*** SOURCE DATA Section Begins ***

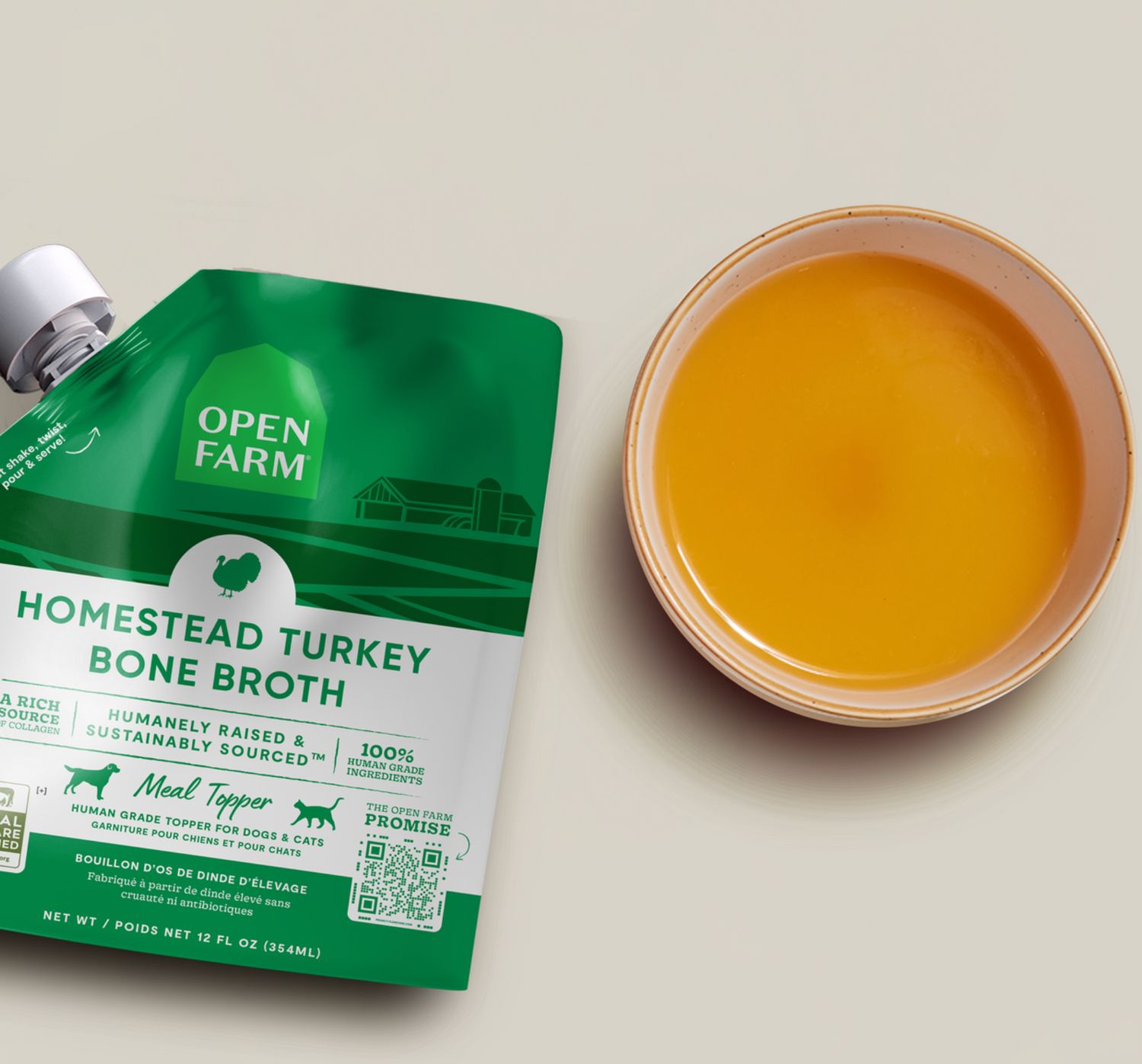 Open Farm Dog &amp; Cat Bone Broth Turkey, Size: 12oz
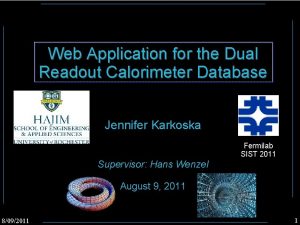 Web Application for the Dual Readout Calorimeter Database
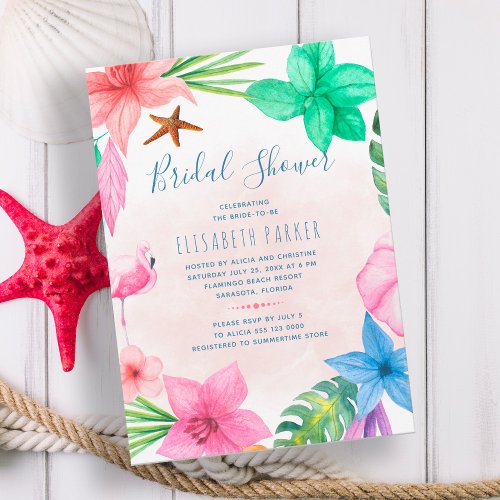 Tropical pink floral beach wedding bridal shower invitation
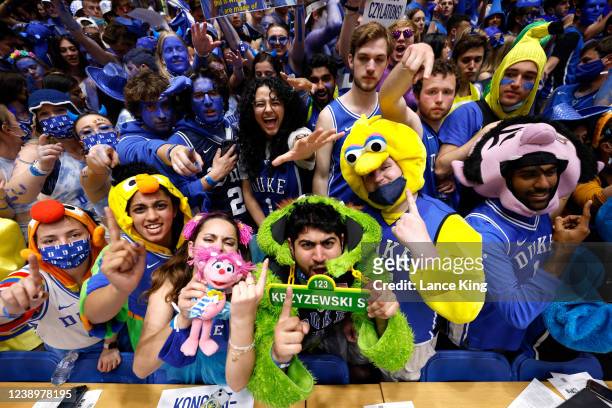 Cameron Crazies and fans of the Duke Blue Devils pose for a photo prior to the game against North Carolina Tar Heels at Cameron Indoor Stadium on...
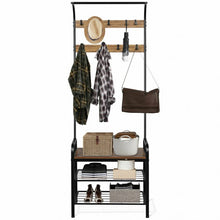 Load image into Gallery viewer, Industrial Coat Shoe Bench Entryway Shelf with 9 Hooks
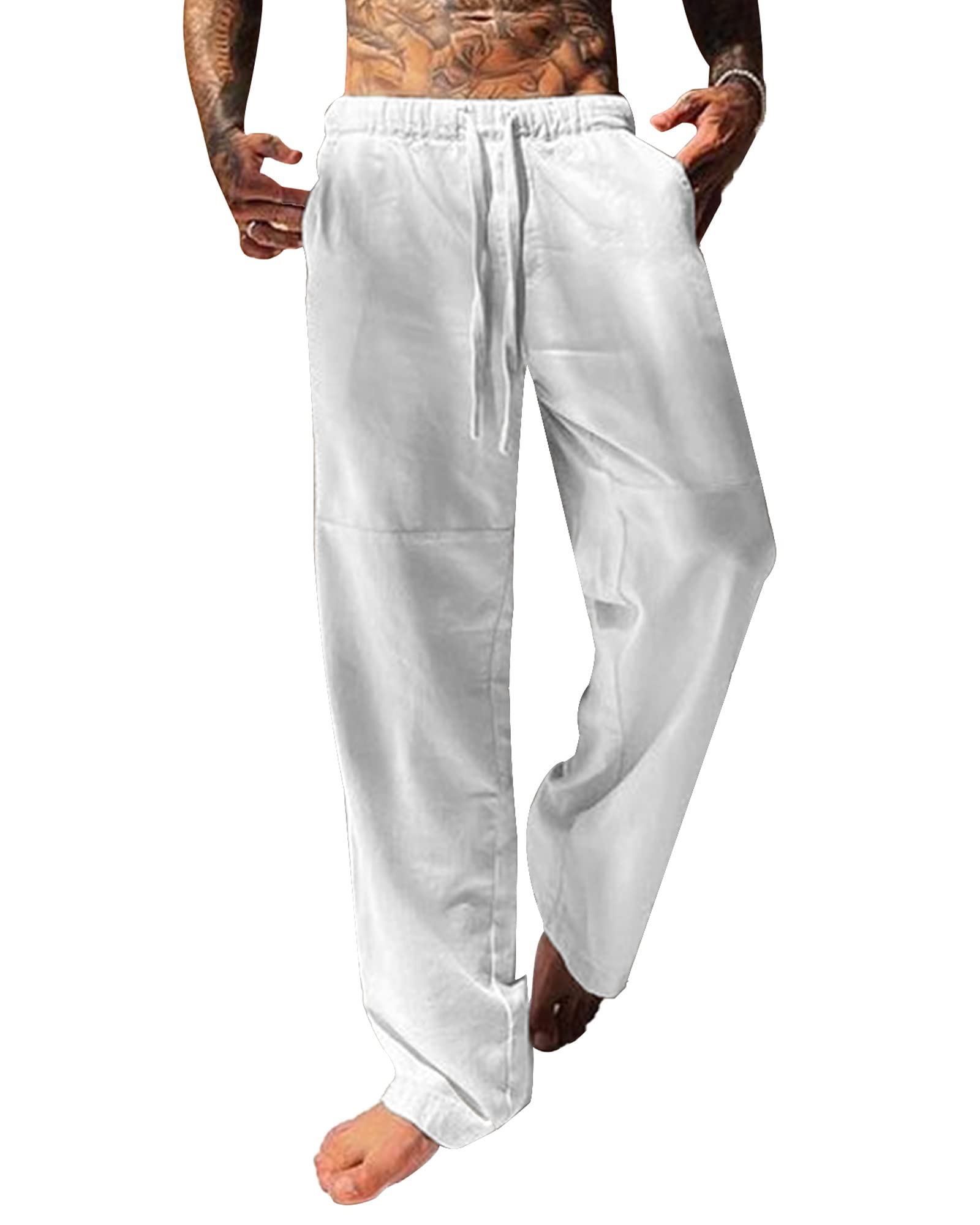 YAOBAOLE Herenbroek, linnen broek voor heren, lang, met zakken, elastische tailleband, universele pasvorm, wit, L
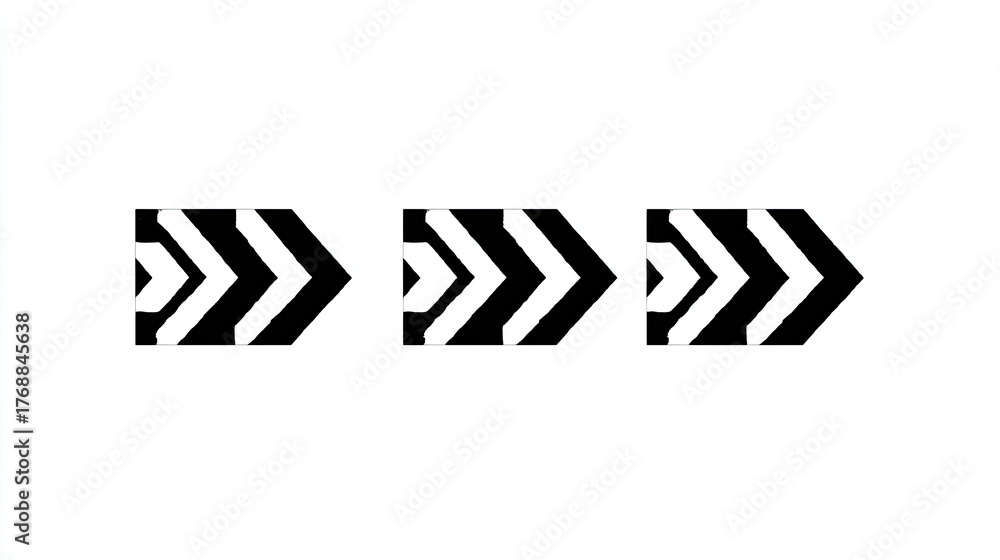 Obraz premium Three chevron arrows point right on a white background.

*** SOURCE DATA Section Ends ***

▶ WHAT TO PRODUCE: Retype the data above as given, letting no picture into the copy.

▶ PROBLEM SOLUTION:
 Open Farm Dog &amp; Cat Bone Broth Turkey, Size: 12oz
 Web Application for the Dual Readout Calorimeter Database
 Tropical pink floral beach wedding bridal shower invitation
 Cameron Crazies and fans of the Duke Blue Devils pose for a photo prior to the game against North Carolina Tar Heels at Cameron Indoor Stadium on...
 Load image into Gallery viewer, Industrial Coat Shoe Bench Entryway Shelf with 9 Hooks
 YAOBAOLE Herenbroek, linnen broek voor heren, lang, met zakken, elastische tailleband, universele pasvorm, wit, L
 Obraz premium Three chevron arrows point right on a white background.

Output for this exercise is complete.